:: ASSIGNMENT ::
Could you repeat the listing below exactly while leaving its pictures behind?
___ STORED DATA
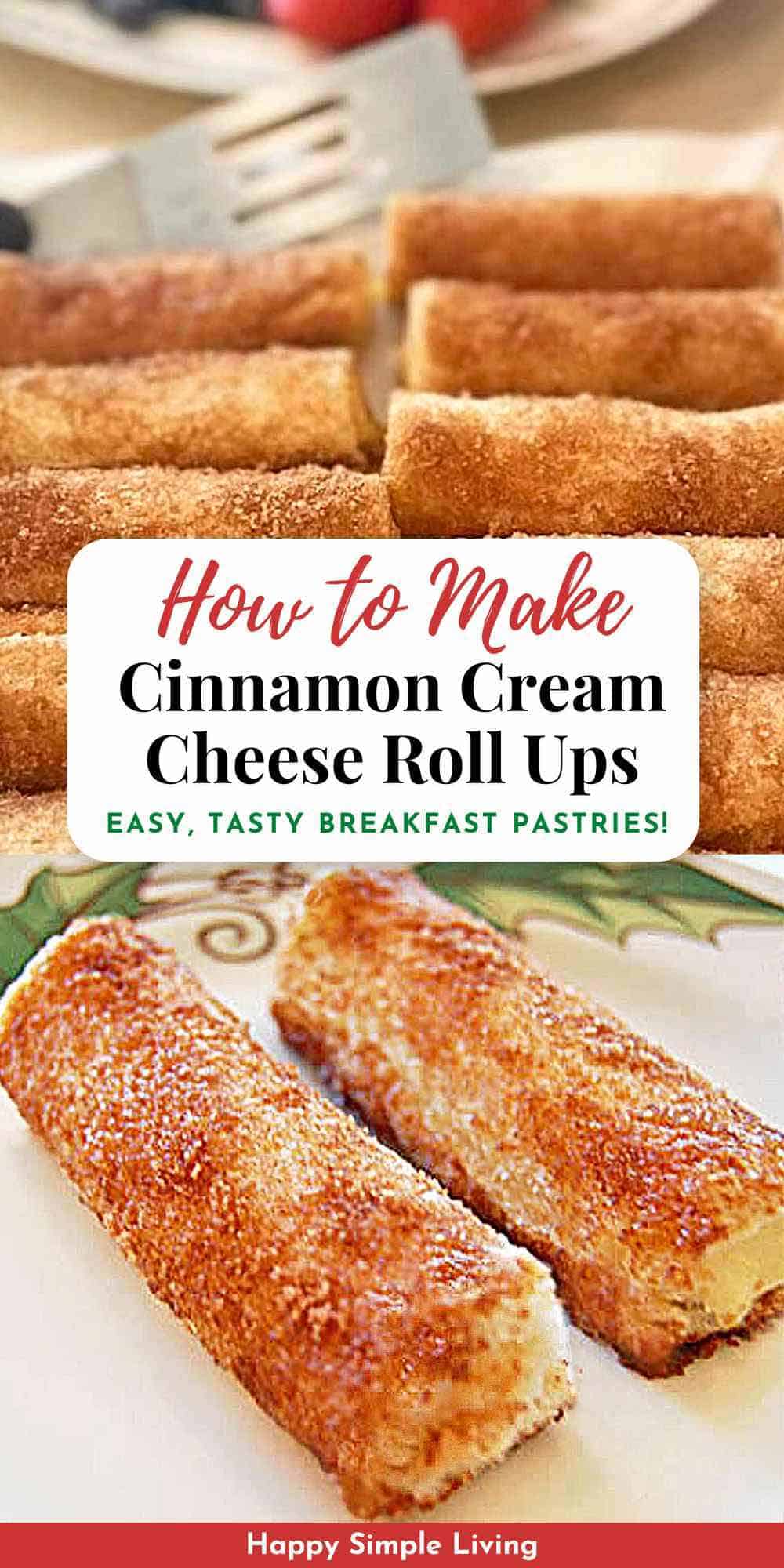 Cinnamon Cream Cheese Roll Ups shown on a serving platter and as an individual serving on a plate.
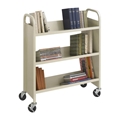 Steel 3-Shelf Single-Sided Book Cart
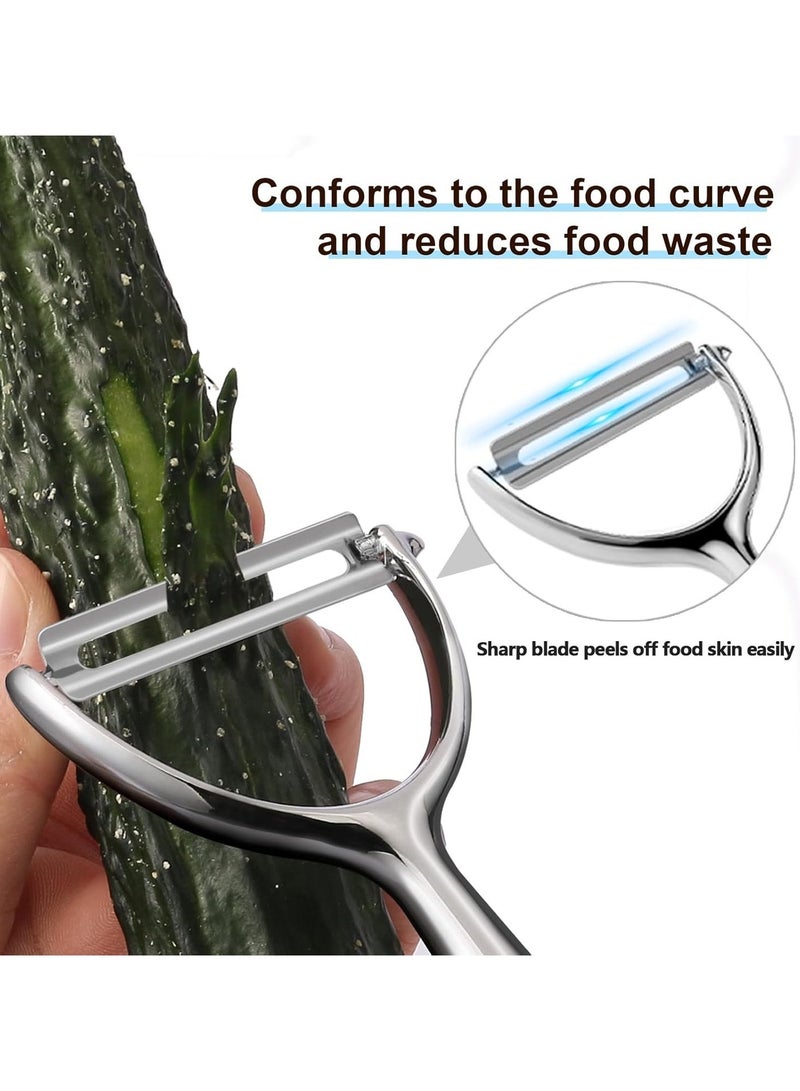 Lukadah Peeler with Sharp Stainless Steel Blades for Apples, Cucumbers - Ergonomic Handle for Easy Potato Eye removal, Perfect for Cooking Enthusiasts and Kitchen Novices - Image 2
______
:: TASK RESPONSE ::
 Cinnamon Cream Cheese Roll Ups shown on a serving platter and as an individual serving on a plate.
 Steel 3-Shelf Single-Sided Book Cart
 Lukadah Peeler with Sharp Stainless Steel Blades for Apples, Cucumbers - Ergonomic Handle for Easy Potato Eye removal, Perfect for Cooking Enthusiasts and Kitchen Novices - Image 2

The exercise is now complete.